§ **Given data**:
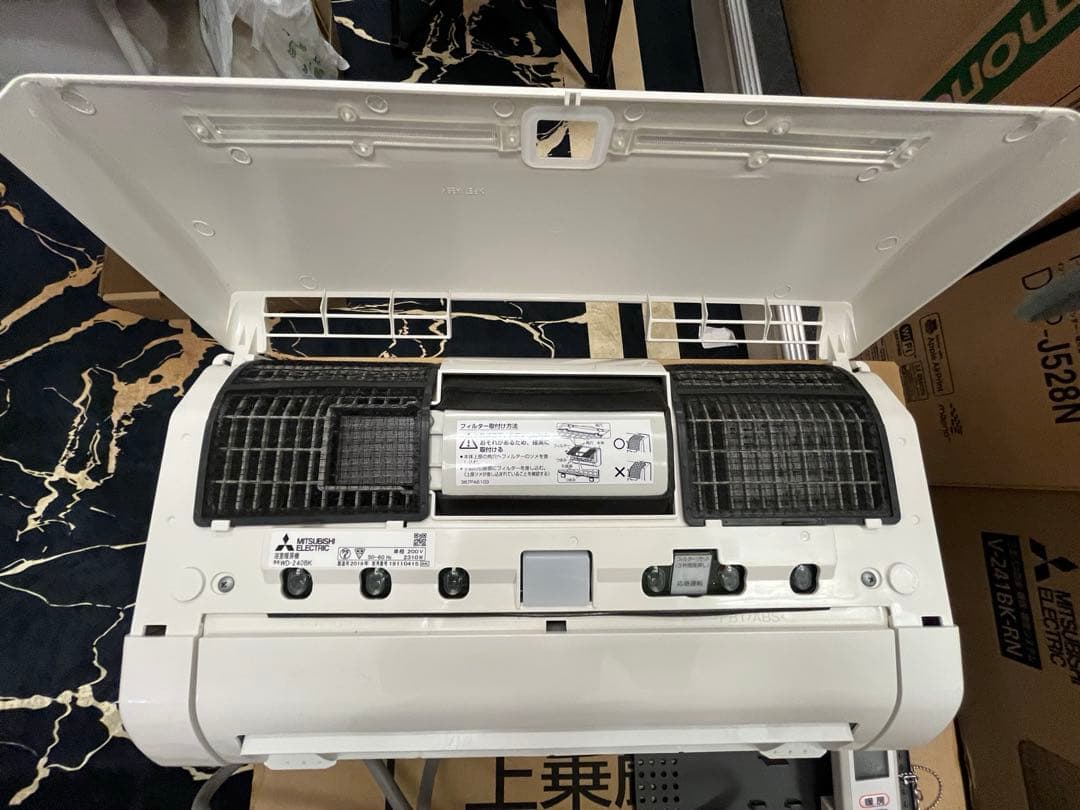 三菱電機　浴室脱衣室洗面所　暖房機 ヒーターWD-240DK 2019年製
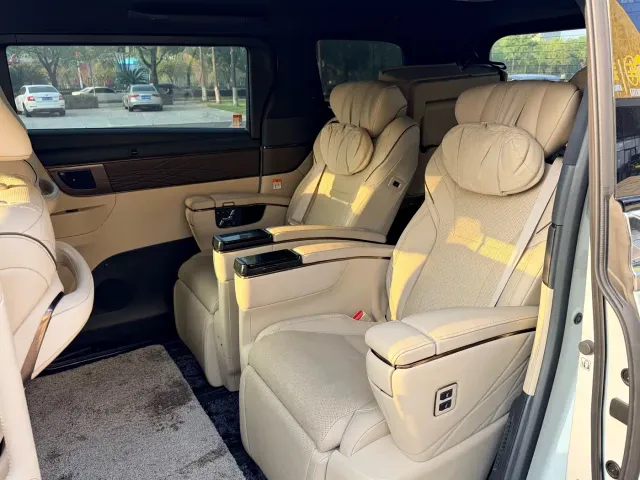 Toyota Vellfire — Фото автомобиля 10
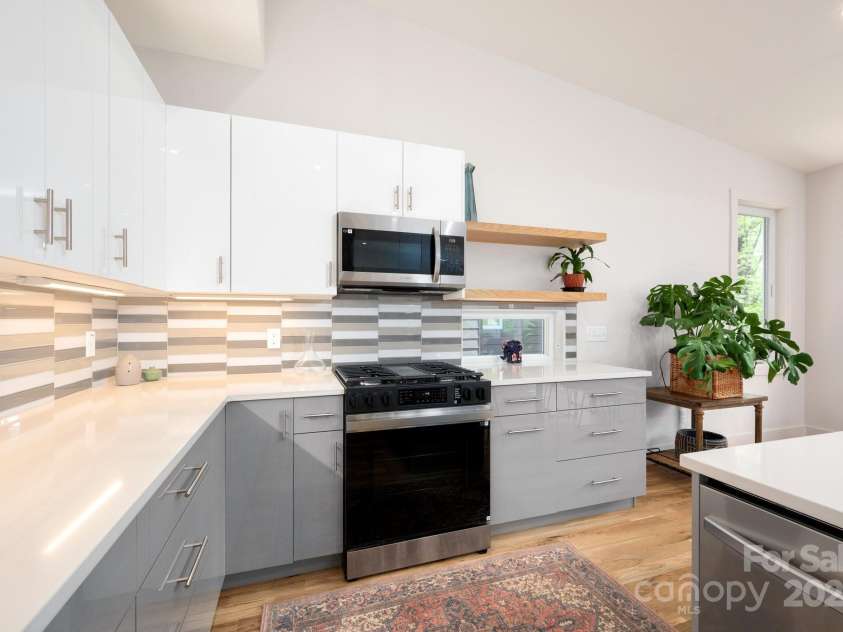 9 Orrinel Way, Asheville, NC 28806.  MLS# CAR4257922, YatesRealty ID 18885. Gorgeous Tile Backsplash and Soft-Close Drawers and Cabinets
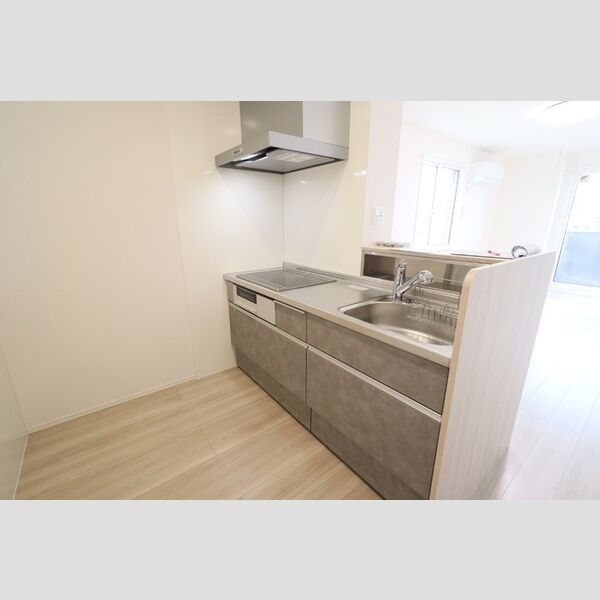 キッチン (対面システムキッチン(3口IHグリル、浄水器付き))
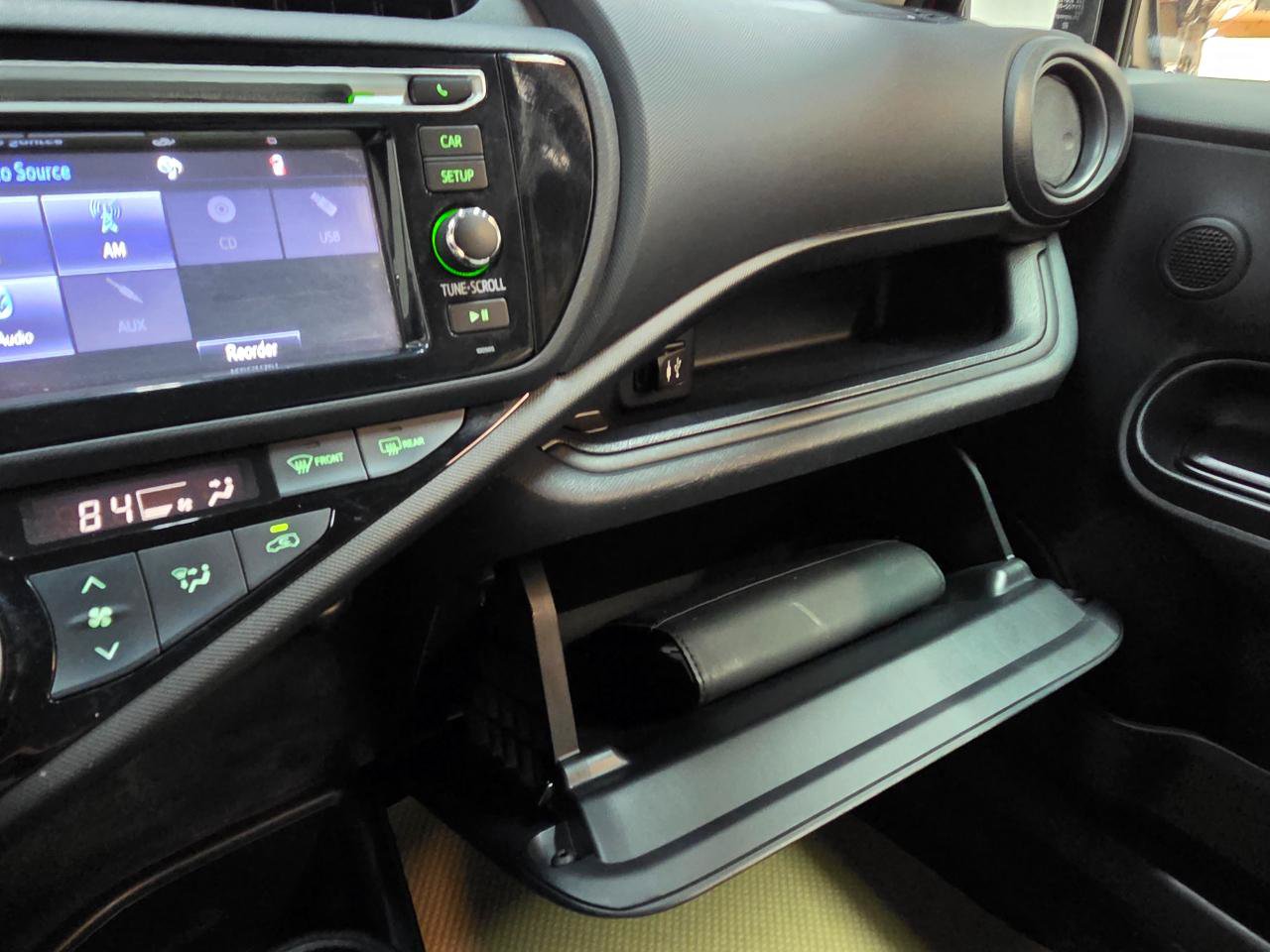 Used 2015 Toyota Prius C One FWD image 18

---

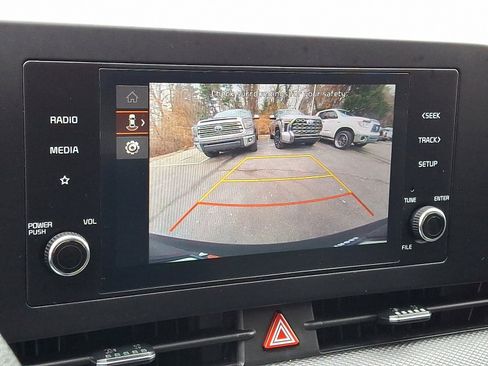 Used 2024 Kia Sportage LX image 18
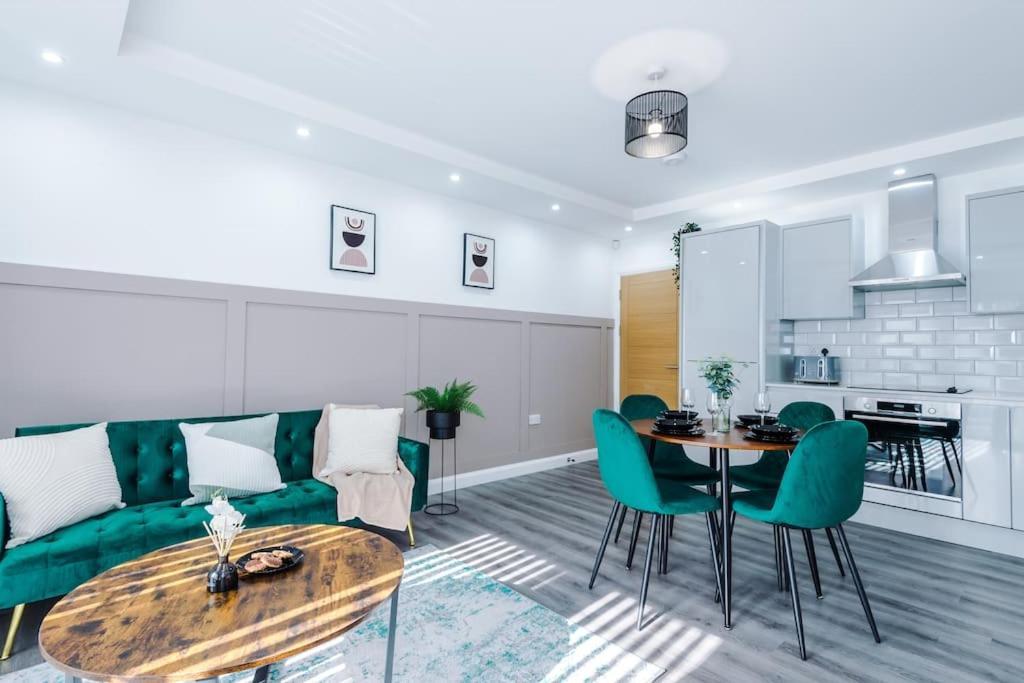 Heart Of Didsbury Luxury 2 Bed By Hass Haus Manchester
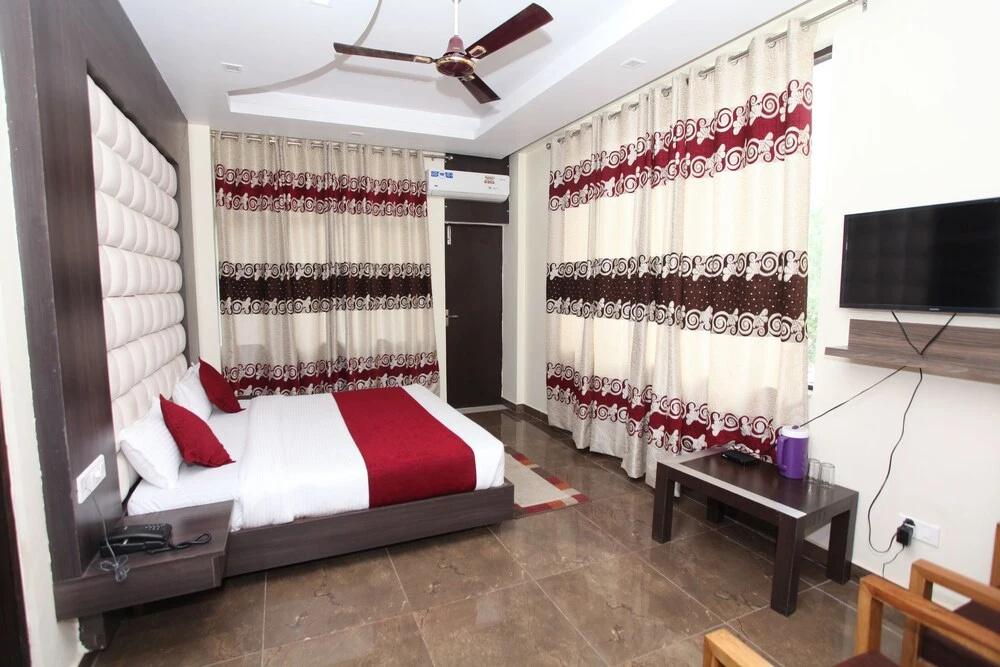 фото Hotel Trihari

==

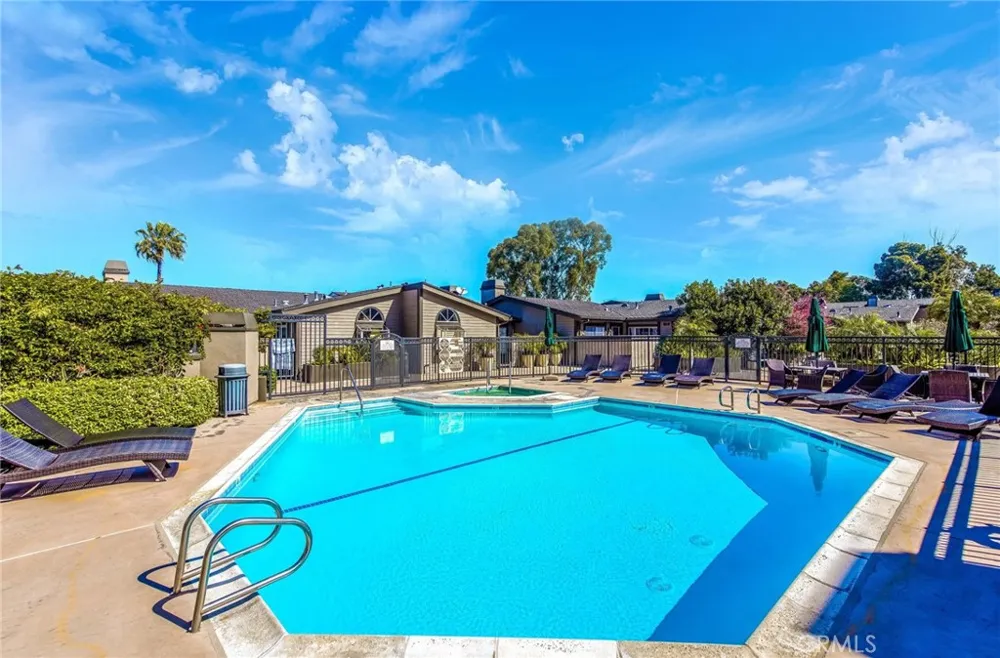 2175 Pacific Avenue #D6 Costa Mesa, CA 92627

§ **What to do**: In the listing above, find the line holding "三菱電機　浴室脱衣室洗面所　暖房機 ヒーターWD-240DK 2019年製" and the line holding "Used 2015 Toyota Prius C One FWD image 18". Reproduce those two lines and all between them exactly, leaving out pictures.

§ **Answer for the task**:
 三菱電機　浴室脱衣室洗面所　暖房機 ヒーターWD-240DK 2019年製
 Toyota Vellfire — Фото автомобиля 10
 9 Orrinel Way, Asheville, NC 28806.  MLS# CAR4257922, YatesRealty ID 18885. Gorgeous Tile Backsplash and Soft-Close Drawers and Cabinets
 キッチン (対面システムキッチン(3口IHグリル、浄水器付き))
 Used 2015 Toyota Prius C One FWD image 18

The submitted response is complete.